How about lowering the data transfer prices going out to the internet? $0.09/GB is a joke (and in poor taste).

  • samcrawford 4 years ago

    For what it's worth, we run "edge compute" with two separate mid-sized CDNs and pay about $0.005 per GB. This required a bit of negotiation, but has no minimum commitment and is on a monthly term. Yes, even lower fees can be had if you build your own infrastructure and pay for bandwidth on a CDR, but this is a fairly apples-for-apples case where we are not doing that.

    So yes, AWS, GCP, Azure bandwidth pricing is very high. Oracle is, amazingly, the outlier with lower bandwidth pricing.

    • thrtythreeforty 4 years ago

      Oracle has to compete somehow (they're a distant fourth in public cloud market share) and bandwidth pricing is an obvious place for them to try.
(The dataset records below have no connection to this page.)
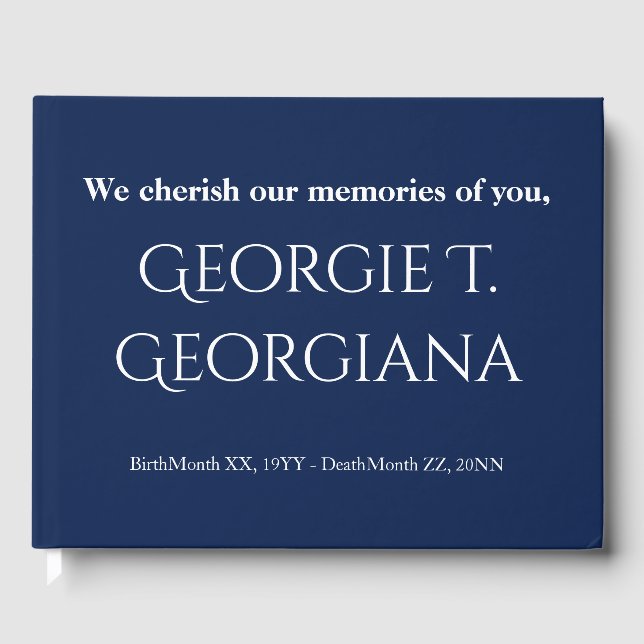 Minimalist Funeral Guest Book (Front)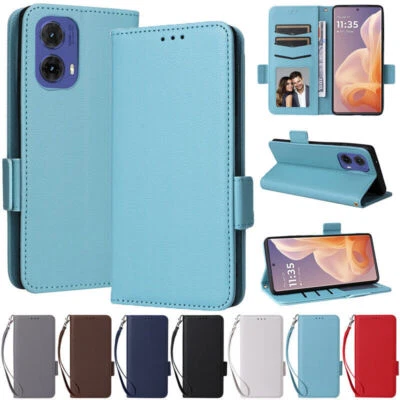 Strap Leather Wallet Cover Case For Huawei Pura 70 P60 Mate 50 60 Nova 12 11 13 - Image 1 of 4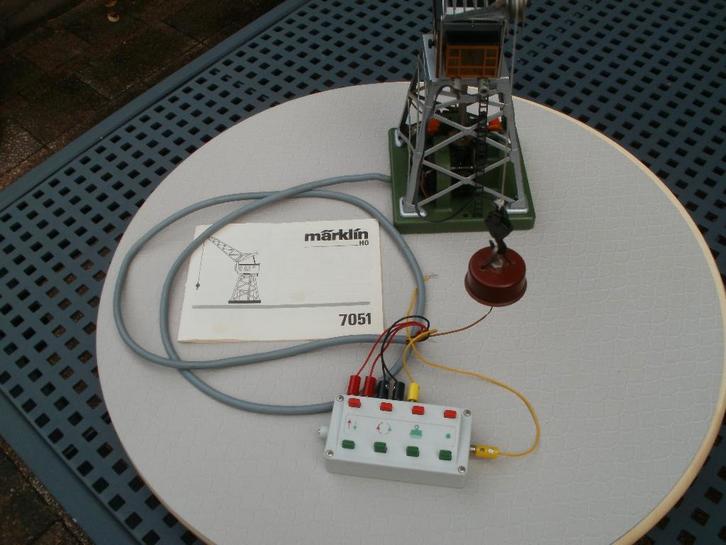 Marklin Ho metalen Hijskraan no 7051 geheel compleet+ovp., Hobby & Loisirs créatifs, Trains miniatures | HO, Comme neuf, Autres types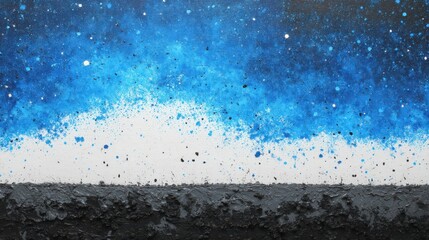 Poster - Abstract waves of blue and white create a textured seascape with a dark horizon.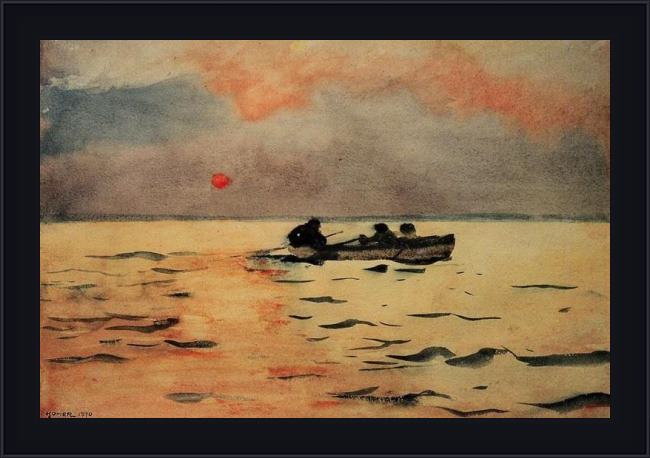 Framed Winslow Homer rowing home painting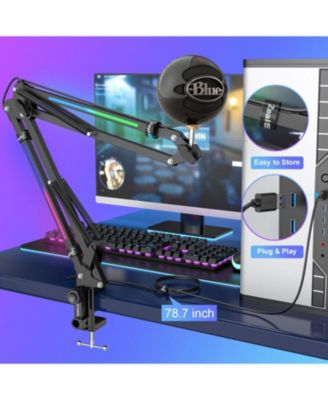 RGB Microphone Arm Stand,Mic Arm with RGB Light for QuadCast/Blue Yeti/Snowball/Shure SM7B/Rode NT1/Elgato,Rotatable Suspension Boom Scissor Stand for Gaming Streaming Podcasting YouTube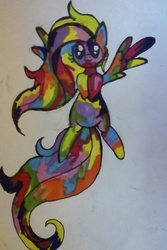 Size: 720x1080 | Tagged: safe, artist:queenofblu, fluttershy, g4, female, solo, traditional art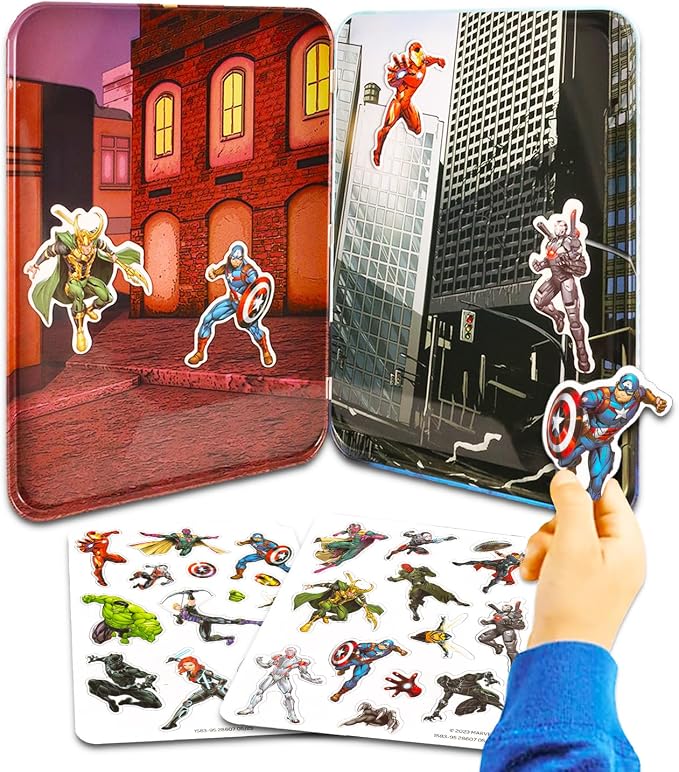 Avengers Magnetic Creations Toy - Bundle with 40 Avengers Magnetic Play Pieces Plus Stickers and More for Kids, Toddlers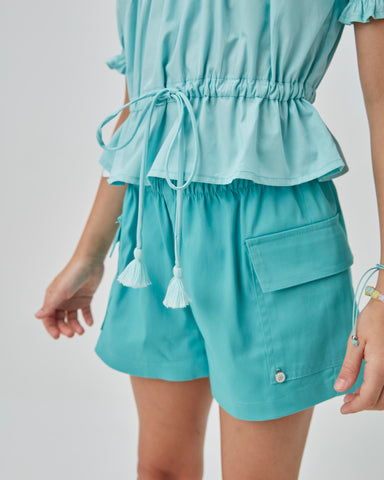 CONJ FEM BATA TRICOL E SHORT BOLSO SARJA VERDE ESMERALDA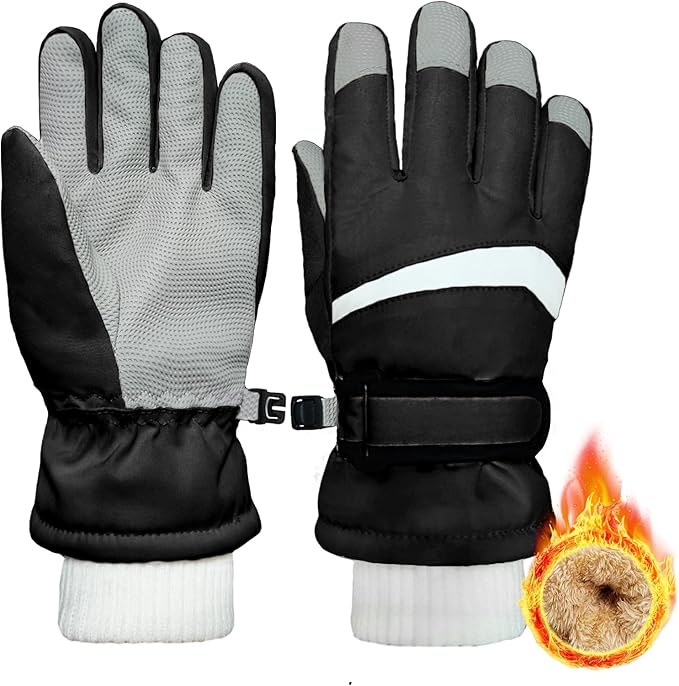 Kids Winter Snow Ski Gloves for Boys Girls Children Snowboard Waterproof Thermal Fleece Gloves for Cold Weather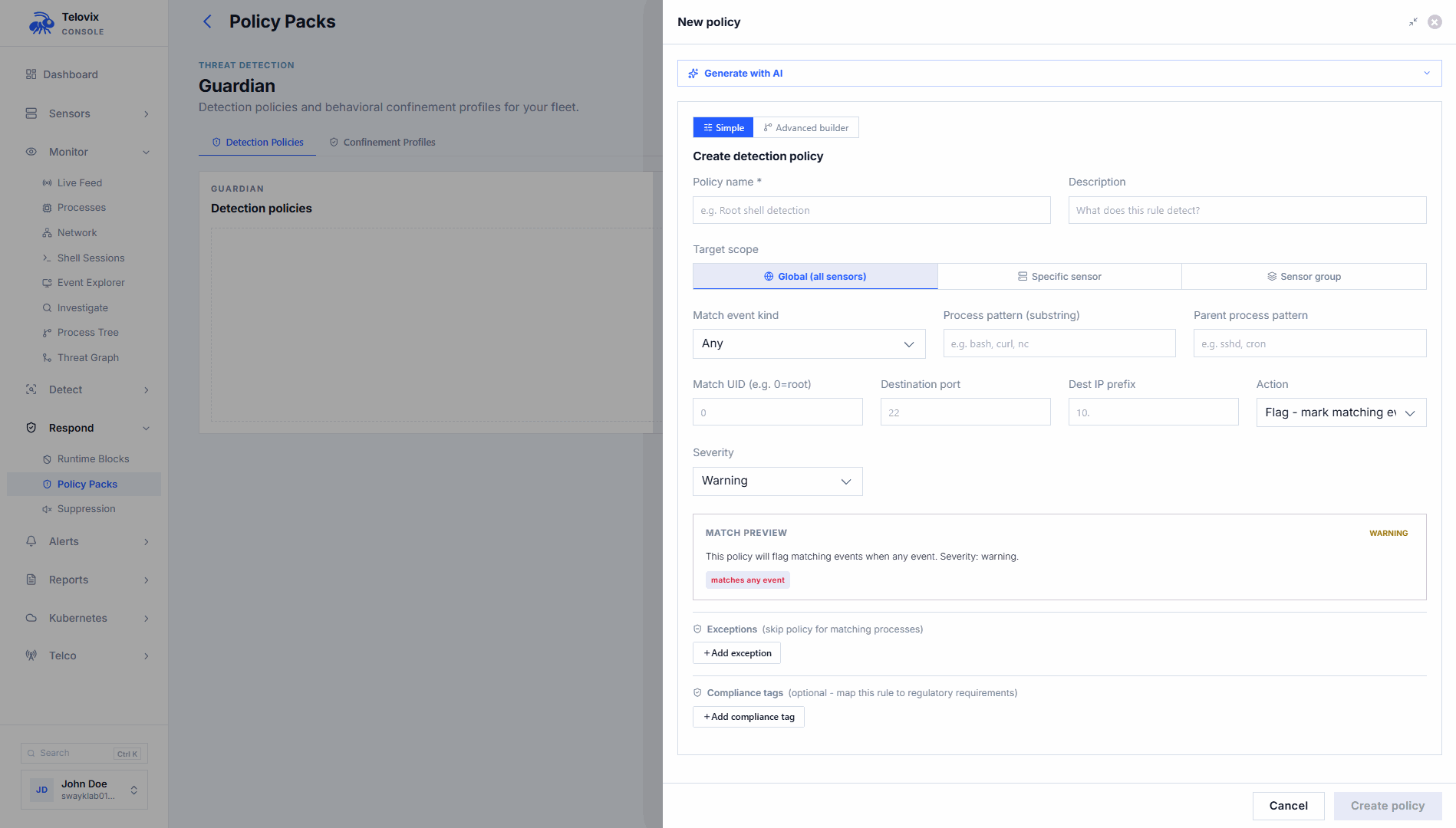 New Profile form showing target binary, mode selector, and allowlist fields.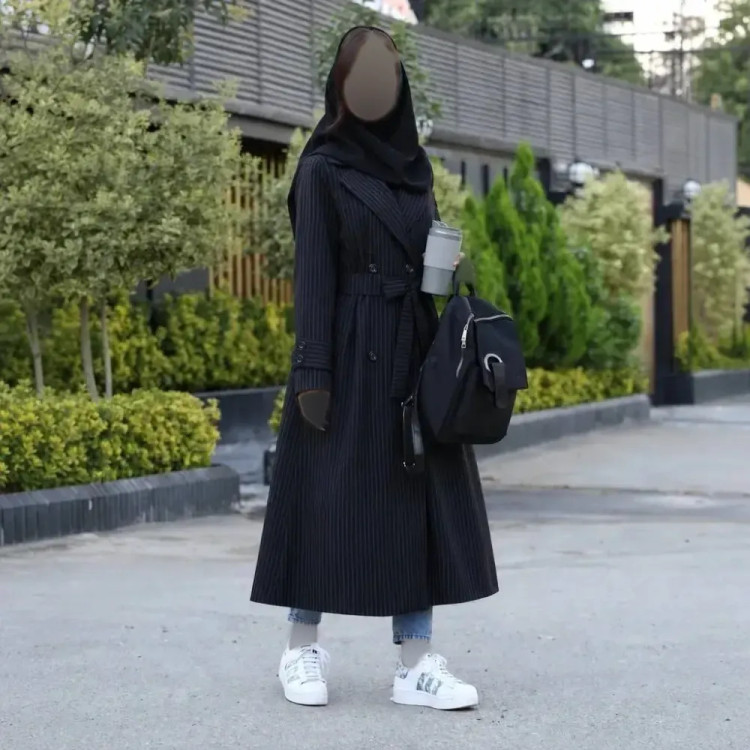 مانتو دانشجویی تینا جنس پرشیا کمربنددار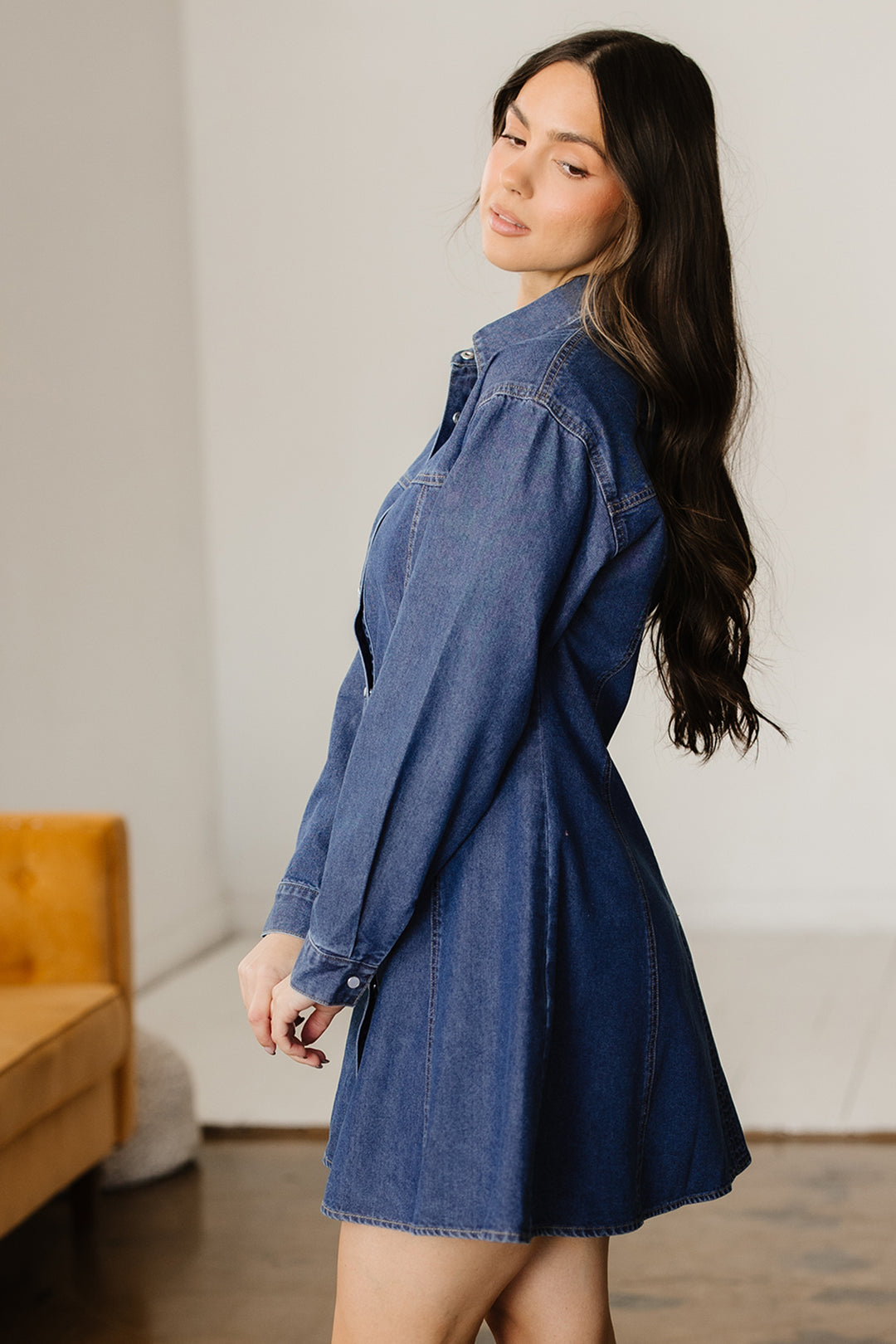 Denim Shirt Collar Long Sleeve Flared Mini Dress
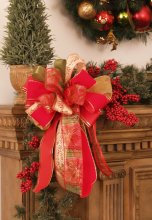 (image for) Christmas Bows-Set of 2 Designer Red Wired Ribbon CR1006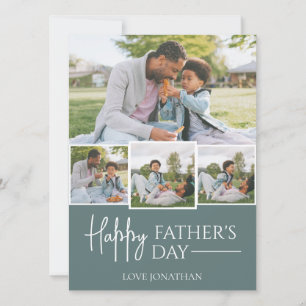 Elegant Simple Best Dad Ever Fathers Day Photo Holiday Card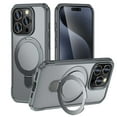 thumbnail image 1 of Magnetic Stand for iPhone 15 Pro Max Case, Fit for Magsafe, Military Grade Slim Protective Case with Rotatable Foldable Kickstand & Ring Holder, for iPhone 15 Pro Max - Gray, 1 of 9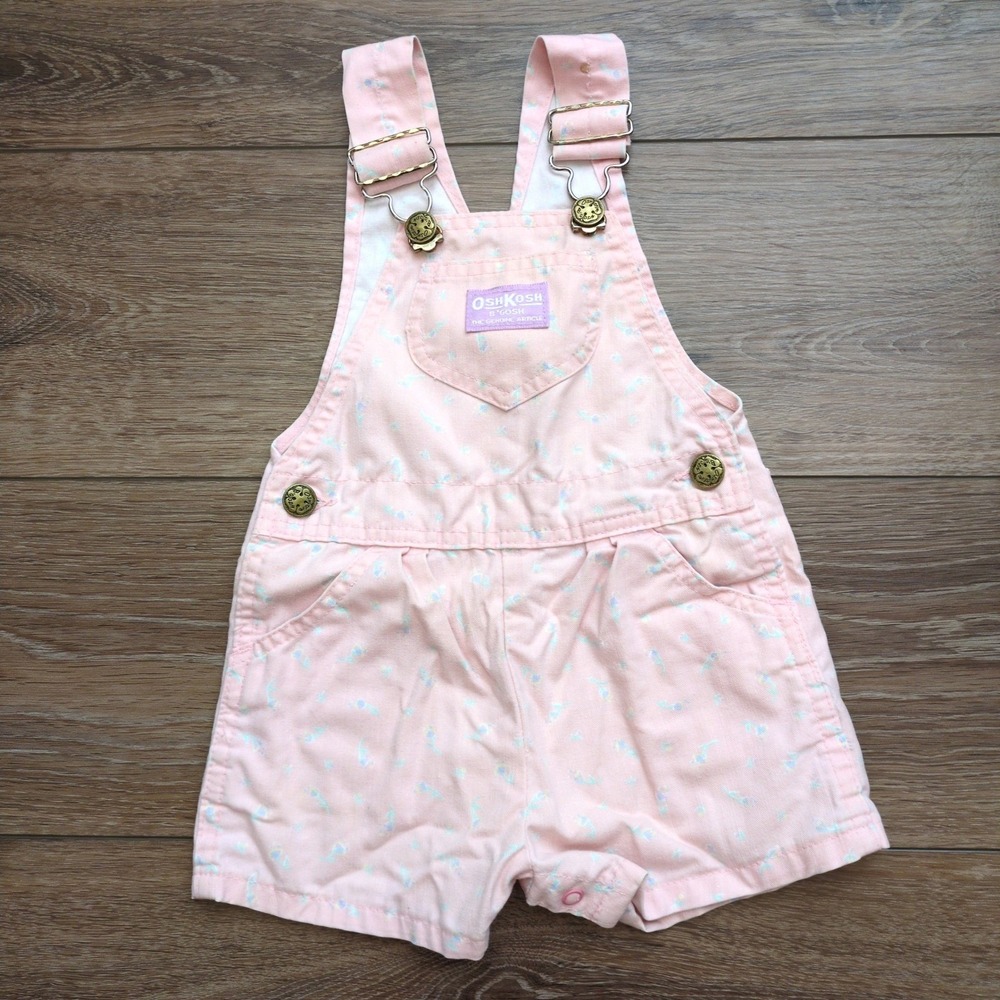 Vtg 80s OshKosh B'gosh Pink Floral Shortalls Vestbak Overalls Short USA Made 24M - Picture 2 of 11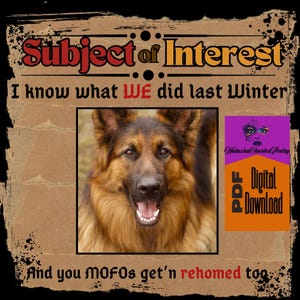 Puede incluir: Una descarga digital de un poema titulado "Hatasha Chartes Poetry". La imagen presenta un perro pastor alemán con pelaje marrón y negro, mirando directamente a la cámara con la boca abierta. El texto "Subject of Interest" está en la parte superior de la imagen, y el texto "I know what WE did last Winter" está debajo de la imagen del perro. El texto "And you Mofos get'n rehomed too" está en la parte inferior de la imagen.
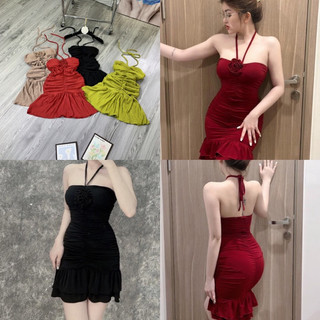 Đầm xốp cúp ngực đính hoa nhúng ôm body đuôi cá có dây cột cổ kèm mút ngực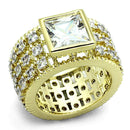 Vintage Gold Rings LO3002 Gold+Rhodium Brass Ring with AAA Grade CZ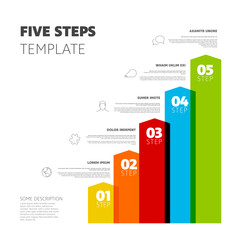 Poster - Five vertical steps progress procedure infochart template with descriptions icons titles and big numbers on semi transparent arrows. Simple inographic describing some process with five steps
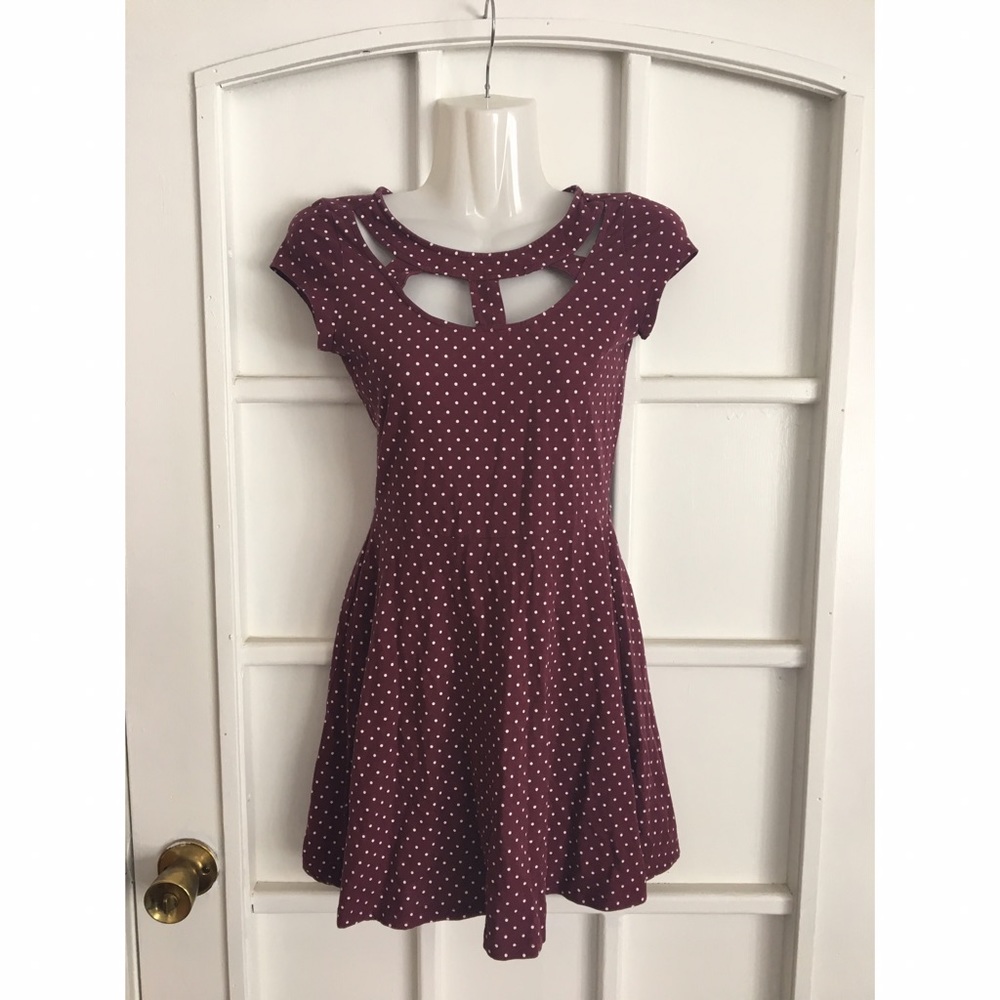 AMERICAN EAGLE Burgundy and White Polka Dot Dress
It's compelling, but I don't know if it's compelling enough for a lot of people to be willing to give Oracle money...

  • judge2020 4 years ago

    I wouldn't be surprised if data transfer fees as a percentage of their total revenue account for >10%. As long as GCP (standard tier 0.085) and Azure (0.08 non-MS-backhaul standard routing) don't charge extremely lower rates, it's not beneficial to lower their rate.

  • srcno 4 years ago

    How about the price of EBS volumes as well? I believe the price for gp2 has been $0.10/GB (USE1) since 2014 and gp3 only reduced the price slightly.

    • techdragon 4 years ago

      I always assumed that when they stop dropping the price of older instance types, storage types and other such things, that’s their subtle way of encouraging both new and existing users to chose or migrate to the newer ones in order to not just get the new features but to obtain the cost savings.

nodesocket 4 years ago

How about lowering the price of an essential service NAT gateway? Each NAT gateway is $33 per month (without bandwidth charges) and generally if you want to be HA you need one NAT gateway per AZ.

  • RexM 4 years ago

    I agree. Why is this an hourly charge? Same for endpoints in a private subnet.

    Are there actual compute resources necessary to make endpoints and nat gateways work?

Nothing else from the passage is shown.